The only certainty is uncertainty

In machine learning, uncertainty can arise from multiple sources and affect all models. It can result from incomplete data, inaccurate measurements, or the inherent variability of the phenomenon we are trying to model.

Thus, the ability to quantify and communicate uncertainty changes the way we interact with technology, allowing us to understand predictions and their limits better. This, in turn, encourages a more critical and analytical approach to decision-making in an increasingly automated and data-driven world.

Conformal Prediction: What is it, and how does it work?

While uncertainty is inevitable, some techniques help us manage it. One is conformal prediction, which gives us a parameterizable level of certainty about a model’s predictions.1 To understand what it does, let’s imagine that we create a machine-learning model to make recommendations to our clients based on their financial interests.
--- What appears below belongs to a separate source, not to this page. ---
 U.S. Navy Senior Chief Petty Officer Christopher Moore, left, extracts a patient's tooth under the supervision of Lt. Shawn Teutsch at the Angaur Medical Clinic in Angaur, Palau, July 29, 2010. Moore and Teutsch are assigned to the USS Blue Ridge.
To do so, we start with a classification problem. For recommendations to be personalized, we must classify clients into “investors,” “savers,” and other categories that can help the model associate the financial health recommendation with the right person. However, people can combine several categories, so when classifying them, the model could discern that they belong more to one category than another. In this case, the prediction (“this person is a saver”) would be seen as an unquestionable statement even though it comes from an uncertain fact.
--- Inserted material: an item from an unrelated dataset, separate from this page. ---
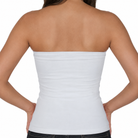 A woman shown from the back wearing a plain white strapless bandeau-style top against a light gray studio background.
Figure 1. Each square comprises a customer collective. Each collective is associated with a label that identifies customers by what we call their “financial style.” Some customers overlap, so they are associated with one category even though they may belong to both.

In contrast, when we apply conformal prediction, the prediction brings with it a set of possible outcomes, each with its respective confidence levels.2

Suppose a customer has characteristics that may relate to two categories. In that case, the model will tell us they may belong to both and will not categorically associate them with one category. Thus, we would be equipping ourselves with much more knowledge than if we were to stick only with the class with the highest probability.

In this case, a client could fit into a saver or an expenditure control profile. Both categories could be correct, each with a given confidence level. The probability that the client fits the debt profile is substantially lower.

Figure 2. To which category does a customer belong? In this example, on the left, the prediction set comprises {savings, expenditure control} because both classes are “conformal”; both are possible according to the data. The ‘q’ demarcates how far this possibility extends. The class ‘debt’ is excluded on the right because it is too uncertain.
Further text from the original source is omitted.